- _Provided material_:

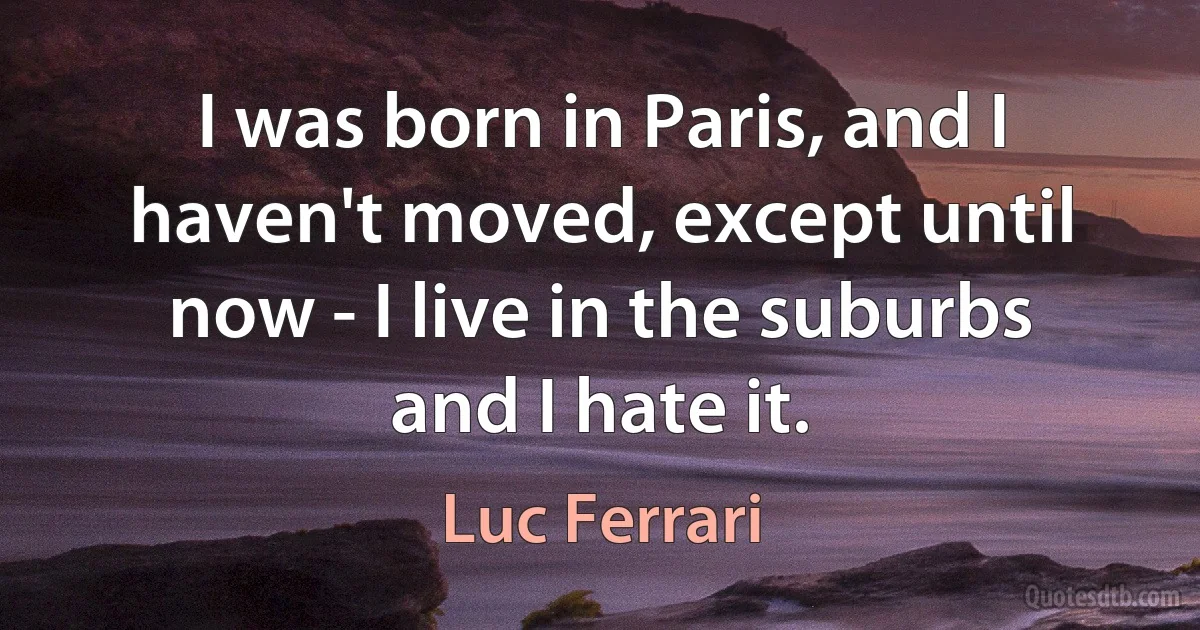 I was born in Paris, and I haven't moved, except until now - I live in the suburbs and I hate it. (Luc Ferrari)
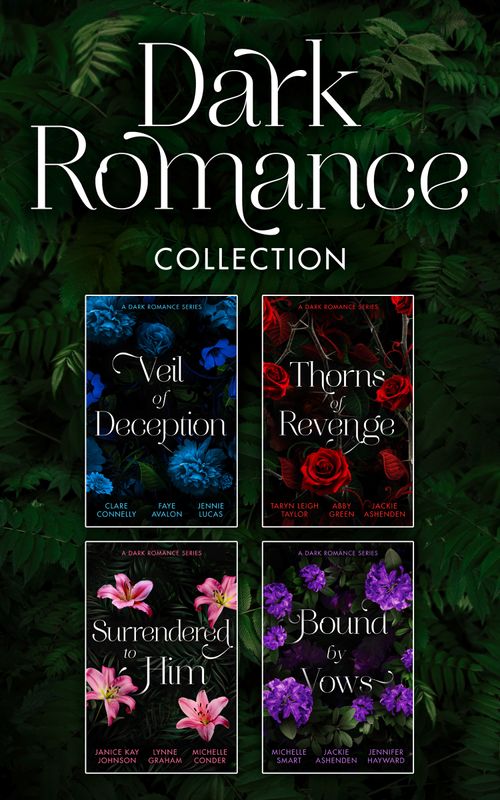 Dark Romance Collection: Their Impossible Desert Match / Fast Deal / Penniless and Secretly Pregnant / Secret Pleasure / Awakened by the Scarred Italian / The Spaniard's Wedding Revenge / The Last Resort /... by Clare Connelly, Faye Avalon, Jennie Lucas, Taryn Leigh Taylor, Abby Green, Jackie Ashenden, Janice Kay Johnson, Lynne Graham, Michelle Conder, Michelle Smart and Jennifer Hayward (9780263421330)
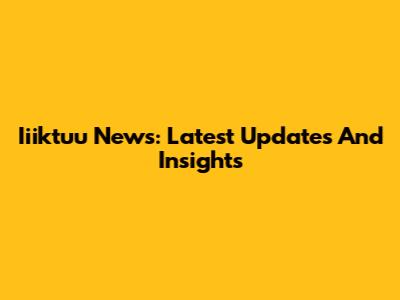 Iiiktuu News: Latest Updates And Insights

- _The problem_:
The whole listing should be transcribed exactly, though its pictures must be left out.

- _Exercise response_:
 I was born in Paris, and I haven't moved, except until now - I live in the suburbs and I hate it. (Luc Ferrari)
 Dark Romance Collection: Their Impossible Desert Match / Fast Deal / Penniless and Secretly Pregnant / Secret Pleasure / Awakened by the Scarred Italian / The Spaniard's Wedding Revenge / The Last Resort /... by Clare Connelly, Faye Avalon, Jennie Lucas, Taryn Leigh Taylor, Abby Green, Jackie Ashenden, Janice Kay Johnson, Lynne Graham, Michelle Conder, Michelle Smart and Jennifer Hayward (9780263421330)
 Iiiktuu News: Latest Updates And Insights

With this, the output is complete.